Eles não têm direito de explorar esses recursos?

Acho que têm, sim. Por isso é que eu acho que, antes de qualquer coisa, é preciso definir o que os índios são para evitar que sejam tomados bens de outros. Para evitar que sejam atropelados os direitos dos outros, precisamos definir quem eles são. Após isso, se define o que deve ser devolvido, o que se entrega a eles, o que os transforma em responsáveis.

E o projeto para exploração mineral em áreas indígenas?

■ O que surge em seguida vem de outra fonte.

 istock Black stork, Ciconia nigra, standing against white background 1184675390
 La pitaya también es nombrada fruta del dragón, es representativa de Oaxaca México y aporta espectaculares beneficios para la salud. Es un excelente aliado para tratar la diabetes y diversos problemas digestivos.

Esse projeto que tramita no Congresso Nacional é uma bobagem, falácia. Ninguém fará contrato com quem não tem obrigação nenhuma em cumpri-lo. Índio é inimputável. É o único povo da terra que carrega o seu direito em trânsito. Para onde eles se movimentam, para onde ele vão, a área se torna deles. Precisamos de leis que digam onde o branco não pode estar nas áreas deles, onde nós não podemos adentrar. Do contrário, nenhuma lei ou autoridade pode obrigá-los a ficar dentro de suas áreas. Foi o caso dos ianomami, que são apenas 7 mil e nunca ocuparam uma área daquele tamanho. Aquilo não existe. Com a chegada do garimpo, a área implodiu porque os índios acorreram, por uma questão de subsistência, para os postos onde estavam os garimpeiros. Isso fazia com se espalhassem de forma mais extensa na área. Então onde não existia índio passou a existir e a área foi sendo ampliada. Boa parte dos macuxi foi trazida das Guianas para o Brasil pela Consolata nos anos 70. Quando a Polícia Federal enyrou no caso foi dito em defesa deles que índio não tem pátria. Então a gente fica sem saber o tamanho dessa coisa.

Como o senhor avalia a política ambiental sob o comando do ministro Carlos Minc?

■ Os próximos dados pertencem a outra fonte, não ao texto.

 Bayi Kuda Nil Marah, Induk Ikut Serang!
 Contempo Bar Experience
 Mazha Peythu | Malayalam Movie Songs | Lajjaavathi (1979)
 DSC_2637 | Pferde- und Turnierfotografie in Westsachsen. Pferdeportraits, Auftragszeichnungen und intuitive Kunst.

Eu acho a Marina Silva um doce de pessoa. Quanto ao Carlos Minc, conheci esse rapaz no Rio de Janeiro há muitos anos. Ele tem um currículo bom e imaginava que fosse corresponder ao histórico de resistência contra a ditadura etc. Mas vejo que a magia da cadeira do poder mexeu com a cabeça dele. Esperava-se que ele apresentasse um projeto de como as coisas devem funcionar e não de paralisação. Ele já chegou falando em guarda ambiental, isto é, ele copiou Fernando Collor: um orgasmo a cada continência de um general de quatro estrelas. Mas não pensem eles que a Amazônia vai ficar aí para espaço verde ou par ser invadida amanhã por quem quer que seja. Custa muito dinheiro fazer uma ação militar.

O que é a Amazônia?

Na Amazônia só não tem baiano, que é uma outra raça brasileira. A Amazônia é uma região de pessoas para lá de excepcionais. Ela suga de todas as regiões as pessoas mais rebeldes do sistema social brasileiro, que não aceitam a mendicância, o comando ditatorial de governos. Para a Amazônia se vai pela alma para enfrentar outra fronteira de vida. Na Amazônia, a gente é avaliado pelo que a gente é e não pelo que a gente tem. Essa é a grande diferença da Amazônia em relação ao resto do mundo. Lá só tem quem trabalha, lá só tem quem sabe, quem faz. É por isso que a Amazônia não acomoda baiano. E não tendo sesta, não tem como baiano ficar. Baiano gosta de dormir e acordar tarde. O único baiano na Amazônia que não deu para nada e virou senador foi meu amigo Ademir Andrade. Mas o grande problema mesmo é saber quem são os índios. Quem são os índios e como vamos tratá-los? Quais os direitos que vamos dar a eles? Qual a possibilidade de entendimento que vamos ter com eles? Eu conheço uma sociedade indígena infinitamente melhor do que a maioria das pessoas que fazem as leis dela.